How Hungary says good-bye to summer on its biggest national holiday, celebrated in August. By Andrea Nagyiványi-Kárpáti, Head of Secretariat, GSS Hungary
If you have ever wondered why your Hungarian counterparts send you a notice each year that they would be away from the office on 20 August and where they all disappear to, let us provide you with the answer. The reason why it stands out among our national holidays is that it marks the foundation of the Hungarian State by our very first king, Stephen I (997-1038), canonised on the same day in 1083 by Pope Gregory VII to become Saint Stephen, the Patron Saint of Hungary.
Founding of the State
Stephen, who inherited his throne from his father, Géza, the Grand Prince from the royal Árpád dynasty, carried on his legacy: they both recognised that the nation would only survive in the centre of Europe if it assimilated into the order of the surrounding monarchies. Thereby Stephen declared taking up Christianity to be the first milestone on that road.
Anointed in 997, after the death of his father, he started reigning over the loose confederacy of relatively independent pagan Hungarian tribes who had arrived in the Carpathian basin a little more than 100 years earlier.

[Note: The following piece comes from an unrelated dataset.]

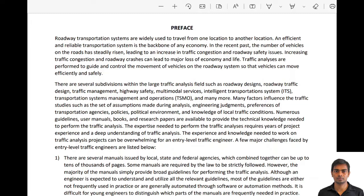Traffic operations is just a small part of a bigger picture. The transportation system is made of many big segments and divisions. Some of the big ones are roadway design, traffic design, traffic management, highway safety, multimodal divisions, intelligent transportation system, TISMO, and many more, including construction, which is a big part of transportation work.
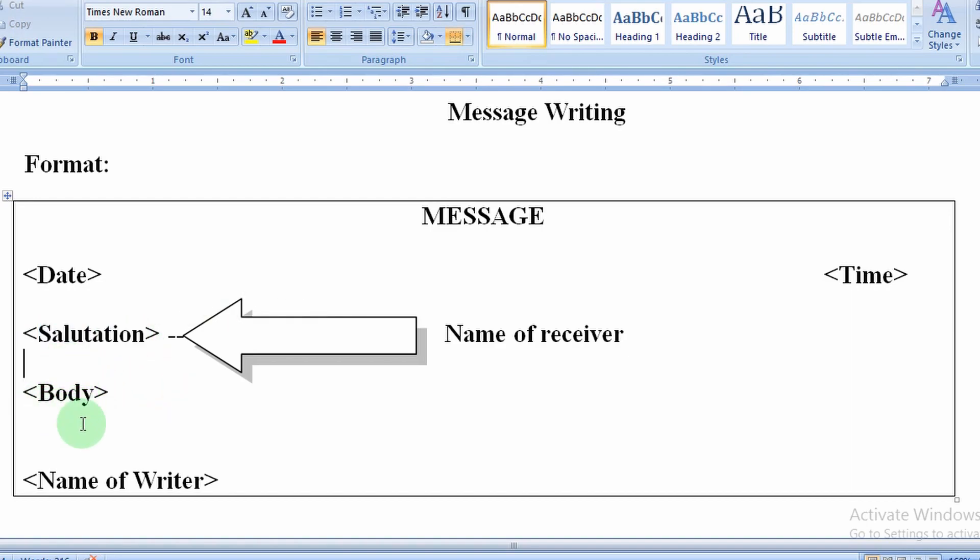Next is the body. Body here is compact. For message writing, the body part should be around 50 words maximum. We will keep that in mind. This is the most important part of the message.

He immediately set about spreading the new religion in the empire, strictly banning all the ancient pagan rites. Punishments for practicing the old tribal religion were harsh and often even cruel. As a highly symbolic move, he was crowned on 1 January 1001 with a hoop crown decorated with gem stones sent from Rome by Pope Sylvestre II (the original crown is on display in the Parliament). And thus, the Christian nation state was born and its founder, Stephen I, as he was called from then on, introduced legislation, taxes and administration, terms unknown to the tribes until then. He was also the first to establish bishoprics and the use of money and ordered the use of the Latin alphabet.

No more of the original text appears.